The Real News Network weekly report from William Black Black Report: Majority of Wall St. Money Now Goes to Romney covers a few different subjects.
One topic of the conversation is that the credit rating agencies are again becoming the enablers of Wall Street fraud.
What the credit rating agencies discovered, though, was that they were the key to making Wall Street possible to make their fortunes. And so they learned to negotiate, and they became not just credit rating agencies; they became advisers on the same deal that they were rating, despite the obvious conflict of interest. And so they would structure the deal to ensure that it would get a AAA rating and it would get a AAA rating even though the great bulk of the loans backing it were fraudulent liars’ loans. And so a chart of income for the rating agencies looks like, you know, an incredibly steep ascending hill, and they made an absolute fortune.
They got embarrassed, but you’ll note that they didn’t get sued successfully, and, of course, they didn’t even get threatened with prosecution. So that embarrassment period where they supposedly tried to toughen up their act only lasted around a year. And what they found was whoever was toughest lost business to whoever was weak—again, this race to the bottom or Gresham’s dynamic, in which bad ethics drives good ethics out of the professions.
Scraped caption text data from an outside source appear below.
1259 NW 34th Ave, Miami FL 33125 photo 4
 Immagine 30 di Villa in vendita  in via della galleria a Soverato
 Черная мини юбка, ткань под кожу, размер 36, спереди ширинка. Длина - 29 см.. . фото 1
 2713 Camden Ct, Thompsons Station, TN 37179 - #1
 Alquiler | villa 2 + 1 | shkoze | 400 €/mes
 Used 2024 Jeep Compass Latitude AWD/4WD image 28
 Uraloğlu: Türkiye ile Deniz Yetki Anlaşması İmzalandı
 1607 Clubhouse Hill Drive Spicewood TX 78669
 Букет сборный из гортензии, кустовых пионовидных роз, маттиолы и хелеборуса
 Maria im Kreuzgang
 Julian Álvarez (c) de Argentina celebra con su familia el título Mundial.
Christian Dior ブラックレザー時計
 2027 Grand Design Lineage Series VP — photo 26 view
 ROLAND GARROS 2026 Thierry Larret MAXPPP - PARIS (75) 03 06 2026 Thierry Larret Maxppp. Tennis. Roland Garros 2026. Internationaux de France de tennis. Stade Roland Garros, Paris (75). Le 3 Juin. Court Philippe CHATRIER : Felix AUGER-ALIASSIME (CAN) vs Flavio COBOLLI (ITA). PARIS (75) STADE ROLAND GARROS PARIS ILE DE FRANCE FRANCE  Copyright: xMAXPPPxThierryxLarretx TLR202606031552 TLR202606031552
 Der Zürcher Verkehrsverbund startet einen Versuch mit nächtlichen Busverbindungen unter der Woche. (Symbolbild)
And the result is that they’ve pitched, you know, thrown to the curb the only guy at Standard & Poor’s—which is the biggest of the rating agencies—who was their symbol of trying to be tougher.
What really irks me about this is that one of the fundamentals of my investing strategy depends on a selection of S & P A-rated companies. I have to be extra vigilant about believing anything from S & P. Since they did this before, I guess this is not anything new with them.